(Source data):
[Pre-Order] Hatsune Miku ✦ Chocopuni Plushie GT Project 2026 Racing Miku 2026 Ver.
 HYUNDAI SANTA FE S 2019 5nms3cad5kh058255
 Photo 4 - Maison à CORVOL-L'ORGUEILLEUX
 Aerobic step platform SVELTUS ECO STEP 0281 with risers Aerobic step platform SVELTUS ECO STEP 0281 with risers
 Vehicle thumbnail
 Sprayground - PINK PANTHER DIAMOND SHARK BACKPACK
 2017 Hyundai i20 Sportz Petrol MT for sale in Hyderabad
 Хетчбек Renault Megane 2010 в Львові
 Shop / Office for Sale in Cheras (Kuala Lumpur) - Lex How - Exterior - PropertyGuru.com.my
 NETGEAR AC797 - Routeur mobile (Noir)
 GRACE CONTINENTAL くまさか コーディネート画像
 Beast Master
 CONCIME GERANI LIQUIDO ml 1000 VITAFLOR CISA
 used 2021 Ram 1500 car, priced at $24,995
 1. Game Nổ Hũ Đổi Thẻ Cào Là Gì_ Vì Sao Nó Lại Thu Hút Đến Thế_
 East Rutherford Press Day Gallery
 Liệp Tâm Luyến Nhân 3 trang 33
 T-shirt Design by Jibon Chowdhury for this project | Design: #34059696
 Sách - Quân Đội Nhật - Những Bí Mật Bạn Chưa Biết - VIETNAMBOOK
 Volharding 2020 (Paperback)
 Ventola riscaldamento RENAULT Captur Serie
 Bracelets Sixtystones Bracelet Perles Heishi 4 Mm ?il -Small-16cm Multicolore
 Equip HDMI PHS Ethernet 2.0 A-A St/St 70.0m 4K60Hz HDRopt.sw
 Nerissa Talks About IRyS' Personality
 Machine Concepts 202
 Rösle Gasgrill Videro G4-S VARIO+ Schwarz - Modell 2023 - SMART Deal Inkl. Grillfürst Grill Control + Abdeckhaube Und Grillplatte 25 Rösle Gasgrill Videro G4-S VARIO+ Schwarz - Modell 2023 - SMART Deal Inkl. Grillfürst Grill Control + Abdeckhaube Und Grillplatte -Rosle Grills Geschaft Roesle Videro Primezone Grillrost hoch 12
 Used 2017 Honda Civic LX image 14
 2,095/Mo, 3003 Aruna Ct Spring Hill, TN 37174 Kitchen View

(Exercise goal): The records above need copying again. Keep each word as it is.

(Output of the exercise):
[Pre-Order] Hatsune Miku ✦ Chocopuni Plushie GT Project 2026 Racing Miku 2026 Ver.
 HYUNDAI SANTA FE S 2019 5nms3cad5kh058255
 Photo 4 - Maison à CORVOL-L'ORGUEILLEUX
 Aerobic step platform SVELTUS ECO STEP 0281 with risers Aerobic step platform SVELTUS ECO STEP 0281 with risers
 Vehicle thumbnail
 Sprayground - PINK PANTHER DIAMOND SHARK BACKPACK
 2017 Hyundai i20 Sportz Petrol MT for sale in Hyderabad
 Хетчбек Renault Megane 2010 в Львові
 Shop / Office for Sale in Cheras (Kuala Lumpur) - Lex How - Exterior - PropertyGuru.com.my
 NETGEAR AC797 - Routeur mobile (Noir)
 GRACE CONTINENTAL くまさか コーディネート画像
 Beast Master
 CONCIME GERANI LIQUIDO ml 1000 VITAFLOR CISA
 used 2021 Ram 1500 car, priced at $24,995
 1. Game Nổ Hũ Đổi Thẻ Cào Là Gì_ Vì Sao Nó Lại Thu Hút Đến Thế_
 East Rutherford Press Day Gallery
 Liệp Tâm Luyến Nhân 3 trang 33
 T-shirt Design by Jibon Chowdhury for this project | Design: #34059696
 Sách - Quân Đội Nhật - Những Bí Mật Bạn Chưa Biết - VIETNAMBOOK
 Volharding 2020 (Paperback)
 Ventola riscaldamento RENAULT Captur Serie
 Bracelets Sixtystones Bracelet Perles Heishi 4 Mm ?il -Small-16cm Multicolore
 Equip HDMI PHS Ethernet 2.0 A-A St/St 70.0m 4K60Hz HDRopt.sw
 Nerissa Talks About IRyS' Personality
 Machine Concepts 202
 Rösle Gasgrill Videro G4-S VARIO+ Schwarz - Modell 2023 - SMART Deal Inkl. Grillfürst Grill Control + Abdeckhaube Und Grillplatte 25 Rösle Gasgrill Videro G4-S VARIO+ Schwarz - Modell 2023 - SMART Deal Inkl. Grillfürst Grill Control + Abdeckhaube Und Grillplatte -Rosle Grills Geschaft Roesle Videro Primezone Grillrost hoch 12
 Used 2017 Honda Civic LX image 14
 2,095/Mo, 3003 Aruna Ct Spring Hill, TN 37174 Kitchen View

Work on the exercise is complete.